- Born: Hatice Aredba c. 1873 Adler, Abkhazia
- Died: c. 1927 (aged 53–54) Istanbul, Turkey
- Burial: Istanbul

Names
- Hatice Rumeysa Hayrıdil Aredba
- House: Aredba
- Father: Halil Bey Aredba
- Religion: Islam

= Rumeysa Aredba =

Abkhazian princess and lady-in-waiting (c. 1873-c. 1927)

Rumeysa Hayrıdil Aredba (born Princess Hatice Aredba; c. 1873 - c. 1927) was an Abkhazian princess. She was a lady-in-waiting to Nazikeda Kadın, wife of Mehmed VI, the last Sultan of the Ottoman Empire. She is known for writing memoirs, which give details of the exile, and personality of Sultan Mehmed at San Remo.

==Life==
Rumeysa Hanim was born as Hatice in 1873 in Abkhazia. She was a member of the Abkazian princely family, Aredba. Her father was Prince Halil Bey Aredba. She had an elder sister Amine Seten who was renamed Nazikeda, and married to Şehzade Yusuf Izzeddin, and a younger sister, Pakize Hanım, married to Esad Bey, a Hungarian.

In 1876, she had been brought to Istanbul as a young child, where she was entrusted to the imperial harem. She was then sent to Cemile Sultan's palace in Kandilli, where her name according to the custom of the Ottoman court was changed to Rumeysa Hayrıdil Hanim. After her cousin Emine who had been renamed Nazikeda, married Şehzade Vahideddin (future Sultan Mehmed VI) in 1885, she became senior lady-in-waiting to her.

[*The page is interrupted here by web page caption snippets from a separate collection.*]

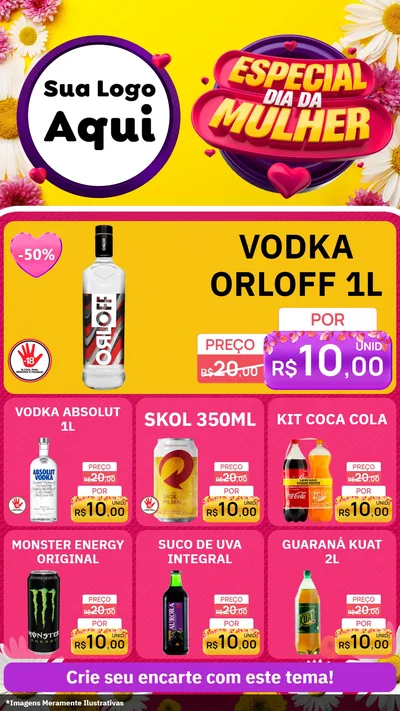 Modelo de Rede Social para Stories com o tema Especial Dia da Mulher para Distribuidora de bebidas
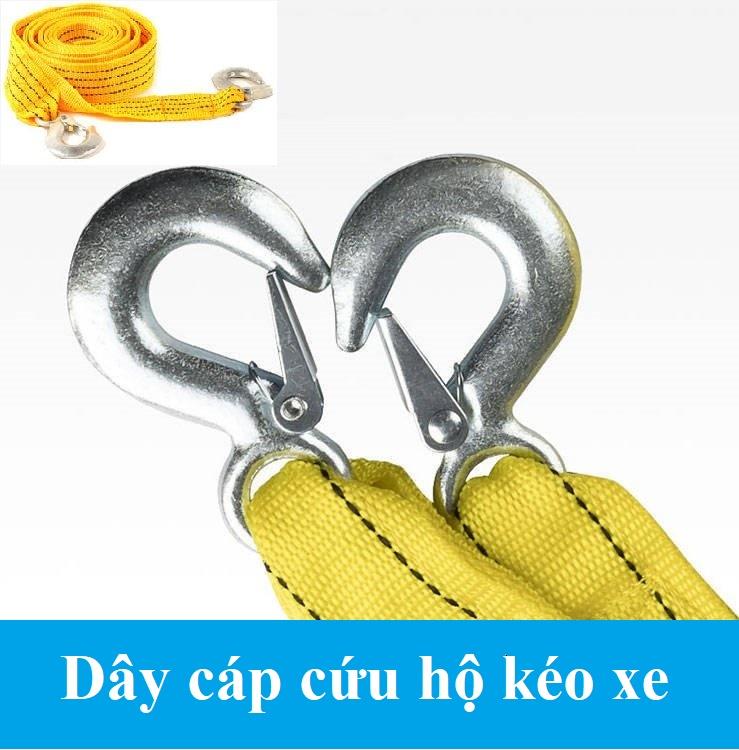 Dây cáp kéo ô tô siêu bền loại 3m - 3 TẤN màu VÀNG, cáp kéo cứu hộ xe hơi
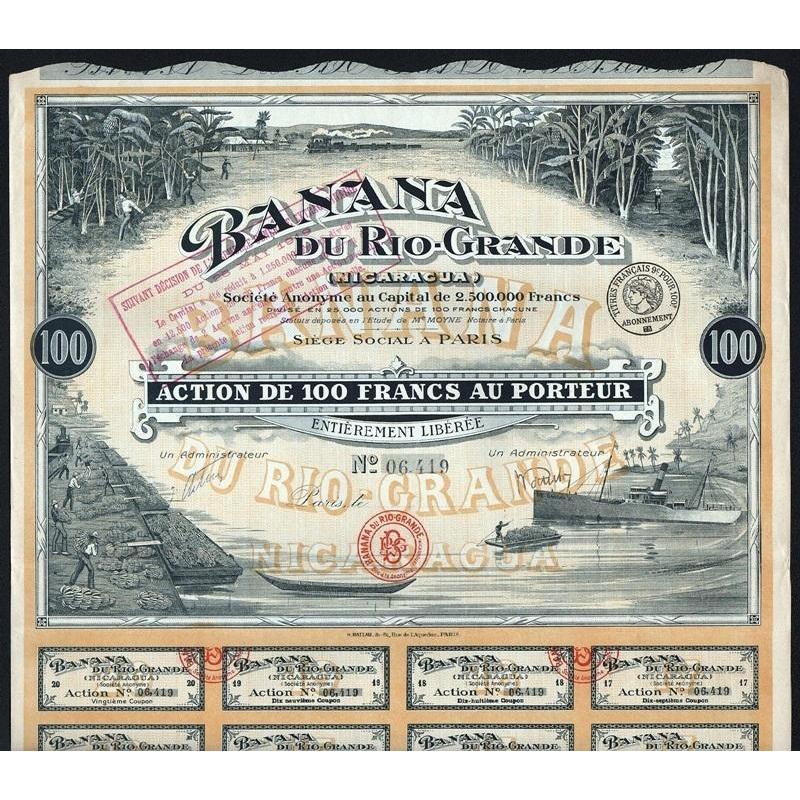 Banana du Rio-Grande (Nicaragua) Stock Certificate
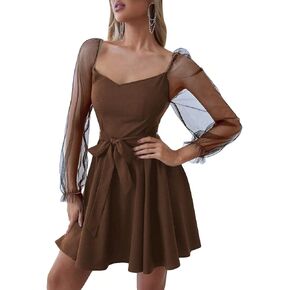WDIRARA Women's V Neck Mesh Bishop Long Sleeve Ruffle Hem Belted Dress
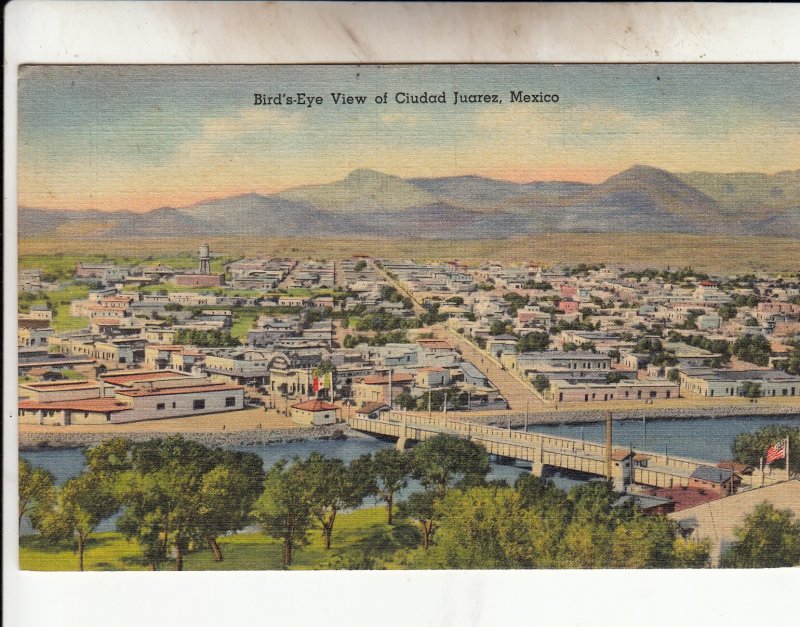 P1954 vintage postcard birds eye view of ciudad juarez mexico stamps date ?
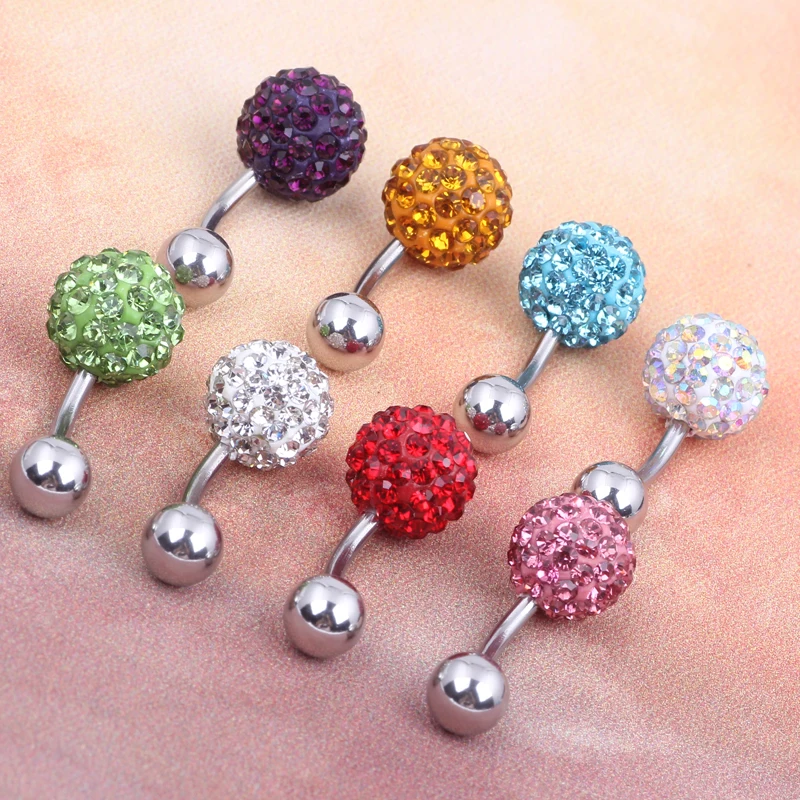 Crystal Disco Ball Belly Button Ring Ferido Navel Belly Bar Double Ball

She spent most of her life with the family of Sultan Mehmed. Upon the exile of the imperial family in 1924, she accompanied them to San Remo. During the exile she wrote memoirs which give details of the exile, and personality of Sultan Mehmed, titled Sultan Vahdeddinin San Remo Günleri. After Mehmed's death in 1926, she returned to Istanbul, where she died of cancer in 1927.

==See also==
- Leyla Achba
- Şahinde Hanım

==Sources==
- Açba, Harun (2007). "Kadın efendiler: 1839-1924"
- Açba, Leyla (2004). "Bir Çerkes prensesinin harem hatıraları"
- Aredba, Rumeysa (2009). "Sultan Vahdeddin'in San Remo Günleri"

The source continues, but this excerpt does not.